Provide again, from the entries below, every line from the one containing "Guru Rinpoche Statue" through the one containing "Maria Josepha Str. 8, München Schwabing", exactly as written, and no other line.

[Records from a data source]
Start of Block
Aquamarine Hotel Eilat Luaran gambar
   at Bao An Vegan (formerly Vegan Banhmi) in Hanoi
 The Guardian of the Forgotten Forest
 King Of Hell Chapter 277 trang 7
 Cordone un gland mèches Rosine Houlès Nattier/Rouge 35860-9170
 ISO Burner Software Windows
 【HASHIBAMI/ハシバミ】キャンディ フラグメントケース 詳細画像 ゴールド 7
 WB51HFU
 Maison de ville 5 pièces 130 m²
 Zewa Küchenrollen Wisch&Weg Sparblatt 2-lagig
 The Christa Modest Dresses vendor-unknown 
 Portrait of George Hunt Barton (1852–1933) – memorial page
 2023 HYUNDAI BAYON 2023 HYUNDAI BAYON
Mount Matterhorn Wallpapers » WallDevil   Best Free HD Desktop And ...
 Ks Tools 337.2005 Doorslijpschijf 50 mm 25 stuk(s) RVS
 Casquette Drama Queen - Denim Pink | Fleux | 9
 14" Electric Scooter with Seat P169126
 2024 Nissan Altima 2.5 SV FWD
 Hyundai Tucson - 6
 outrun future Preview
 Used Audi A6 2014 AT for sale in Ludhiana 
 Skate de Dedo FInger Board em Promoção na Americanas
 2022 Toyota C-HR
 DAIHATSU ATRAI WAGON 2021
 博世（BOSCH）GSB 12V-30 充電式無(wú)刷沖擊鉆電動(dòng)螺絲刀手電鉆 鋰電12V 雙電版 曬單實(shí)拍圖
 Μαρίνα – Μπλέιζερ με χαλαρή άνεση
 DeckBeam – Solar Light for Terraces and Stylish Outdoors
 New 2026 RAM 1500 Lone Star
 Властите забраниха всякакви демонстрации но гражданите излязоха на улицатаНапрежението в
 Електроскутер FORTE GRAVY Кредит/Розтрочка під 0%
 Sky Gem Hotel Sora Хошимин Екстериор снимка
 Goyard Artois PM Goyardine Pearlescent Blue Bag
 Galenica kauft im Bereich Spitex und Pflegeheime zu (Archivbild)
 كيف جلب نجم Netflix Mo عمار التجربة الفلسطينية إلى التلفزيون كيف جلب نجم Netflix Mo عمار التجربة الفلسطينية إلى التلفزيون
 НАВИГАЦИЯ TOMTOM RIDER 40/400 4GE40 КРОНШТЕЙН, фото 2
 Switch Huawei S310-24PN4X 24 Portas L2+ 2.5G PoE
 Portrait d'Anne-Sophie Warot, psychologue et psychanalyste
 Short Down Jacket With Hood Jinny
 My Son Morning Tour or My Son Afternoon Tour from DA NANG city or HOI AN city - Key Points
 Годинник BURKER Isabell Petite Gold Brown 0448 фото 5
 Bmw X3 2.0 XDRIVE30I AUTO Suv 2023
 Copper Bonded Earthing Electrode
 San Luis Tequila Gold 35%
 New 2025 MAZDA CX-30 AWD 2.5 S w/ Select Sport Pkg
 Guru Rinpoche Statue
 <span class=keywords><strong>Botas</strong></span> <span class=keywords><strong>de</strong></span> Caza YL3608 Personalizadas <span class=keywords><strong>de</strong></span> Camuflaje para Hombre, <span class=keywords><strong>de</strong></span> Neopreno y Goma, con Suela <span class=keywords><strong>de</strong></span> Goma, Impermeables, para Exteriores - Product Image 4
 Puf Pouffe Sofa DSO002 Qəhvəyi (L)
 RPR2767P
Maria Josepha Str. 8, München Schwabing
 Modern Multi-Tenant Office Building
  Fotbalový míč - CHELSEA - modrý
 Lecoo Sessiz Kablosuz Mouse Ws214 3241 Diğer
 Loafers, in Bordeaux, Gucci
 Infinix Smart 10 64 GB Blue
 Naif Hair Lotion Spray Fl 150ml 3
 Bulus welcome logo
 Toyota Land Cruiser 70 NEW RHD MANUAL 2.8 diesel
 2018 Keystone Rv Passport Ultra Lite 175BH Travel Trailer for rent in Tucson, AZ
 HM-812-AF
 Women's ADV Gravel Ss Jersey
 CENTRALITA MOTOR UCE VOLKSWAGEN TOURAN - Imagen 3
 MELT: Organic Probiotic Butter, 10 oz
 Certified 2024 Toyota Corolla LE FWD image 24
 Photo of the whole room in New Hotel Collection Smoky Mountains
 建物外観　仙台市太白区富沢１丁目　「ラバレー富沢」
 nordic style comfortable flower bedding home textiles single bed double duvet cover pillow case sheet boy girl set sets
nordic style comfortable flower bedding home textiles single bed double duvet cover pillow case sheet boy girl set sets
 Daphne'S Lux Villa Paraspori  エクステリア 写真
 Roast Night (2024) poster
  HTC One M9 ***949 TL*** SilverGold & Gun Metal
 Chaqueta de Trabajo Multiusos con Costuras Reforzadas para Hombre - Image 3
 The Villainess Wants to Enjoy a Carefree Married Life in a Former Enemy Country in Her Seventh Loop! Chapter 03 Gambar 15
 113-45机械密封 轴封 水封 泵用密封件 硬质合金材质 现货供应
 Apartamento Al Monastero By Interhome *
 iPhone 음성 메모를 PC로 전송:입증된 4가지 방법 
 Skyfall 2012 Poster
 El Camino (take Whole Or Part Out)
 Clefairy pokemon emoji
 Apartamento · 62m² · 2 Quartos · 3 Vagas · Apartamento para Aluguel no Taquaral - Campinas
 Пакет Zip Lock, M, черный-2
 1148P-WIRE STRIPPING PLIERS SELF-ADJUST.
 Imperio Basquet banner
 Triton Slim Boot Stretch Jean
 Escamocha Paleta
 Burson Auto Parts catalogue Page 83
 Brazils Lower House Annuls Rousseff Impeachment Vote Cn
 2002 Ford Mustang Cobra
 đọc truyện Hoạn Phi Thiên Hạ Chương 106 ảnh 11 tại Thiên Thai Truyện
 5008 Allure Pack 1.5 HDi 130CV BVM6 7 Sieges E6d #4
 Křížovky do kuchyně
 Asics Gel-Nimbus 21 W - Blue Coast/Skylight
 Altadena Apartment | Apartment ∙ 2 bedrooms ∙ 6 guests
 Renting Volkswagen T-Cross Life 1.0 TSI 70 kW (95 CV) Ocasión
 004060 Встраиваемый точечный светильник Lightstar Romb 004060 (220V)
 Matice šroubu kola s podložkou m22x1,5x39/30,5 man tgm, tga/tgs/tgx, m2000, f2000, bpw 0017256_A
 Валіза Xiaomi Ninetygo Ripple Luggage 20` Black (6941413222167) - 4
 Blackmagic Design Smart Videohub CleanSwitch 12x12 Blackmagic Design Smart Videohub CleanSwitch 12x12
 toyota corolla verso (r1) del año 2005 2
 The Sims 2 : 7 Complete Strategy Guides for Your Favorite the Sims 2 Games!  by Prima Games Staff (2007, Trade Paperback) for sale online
End of Block
* **Answer space**
 Guru Rinpoche Statue
 <span class=keywords><strong>Botas</strong></span> <span class=keywords><strong>de</strong></span> Caza YL3608 Personalizadas <span class=keywords><strong>de</strong></span> Camuflaje para Hombre, <span class=keywords><strong>de</strong></span> Neopreno y Goma, con Suela <span class=keywords><strong>de</strong></span> Goma, Impermeables, para Exteriores - Product Image 4
 Puf Pouffe Sofa DSO002 Qəhvəyi (L)
 RPR2767P
Maria Josepha Str. 8, München Schwabing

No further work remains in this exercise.